To match audio portions to their corresponding lyrics, we begin with a simple heuristic that aligns the characters of the lyrics to linearly span the duration of each song, and pass a fixed-size window of characters centered around the current segment during training. While this simple strategy of linear alignment worked surprisingly well, we found that it fails for certain genres with fast lyrics, such as hip hop. To address this, we use Spleeter[^reference-32] to extract vocals from each song and run NUS AutoLyricsAlign[^reference-33] on the extracted vocals to obtain precise word-level alignments of the lyrics. We chose a large enough window so that the actual lyrics have a high probability of being inside the window.

To attend to the lyrics, we add an encoder to produce a representation for the lyrics, and add attention layers that use queries from the music decoder to attend to keys and values from the lyrics encoder. After training, the model learns a more precise alignment.

Lyrics Attention

Lyric–music alignment learned by encoder–decoder attention layer
Attention progresses from one lyric token to the next as the music progresses, with a few moments of uncertainty.

Limitations

While Jukebox represents a step forward in musical quality, coherence, length of audio sample, and ability to condition on artist, genre, and lyrics, there is a significant gap between these generations and human-created music.

For example, while the generated songs show local musical coherence, follow traditional chord patterns, and can even feature impressive solos, we do not hear familiar larger musical structures such as choruses that repeat.
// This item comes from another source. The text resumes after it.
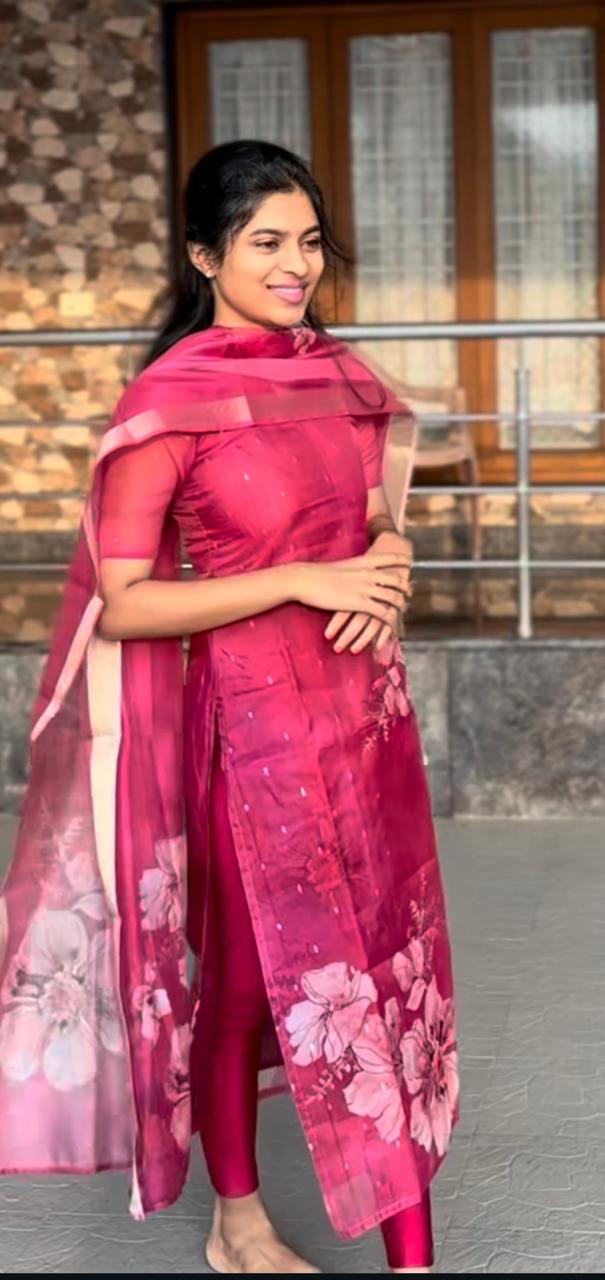 Top and dupatta sets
Our downsampling and upsampling process introduces discernable noise. Improving the VQ-VAE so its codes capture more musical information would help reduce this. Our models are also slow to sample from, because of the autoregressive nature of sampling. It takes approximately 9 hours to fully render one minute of audio through our models, and thus they cannot yet be used in interactive applications. Using techniques[^reference-27][^reference-34] that distill the model into a parallel sampler can significantly speed up the sampling speed. Finally, we currently train on English lyrics and mostly Western music, but in the future we hope to include songs from other languages and parts of the world.

Future directions

Our audio team is continuing to work on generating audio samples conditioned on different kinds of priming information. In particular, we’ve seen early success conditioning on MIDI files and stem files. Here’s an example of a raw audio sample conditioned on MIDI tokens. We hope this will improve the musicality of samples (in the way conditioning on lyrics improved the singing), and this would also be a way of giving musicians more control over the generations. We expect human and model collaborations to be an increasingly exciting creative space. If you’re excited to work on these problems with us, we’re hiring.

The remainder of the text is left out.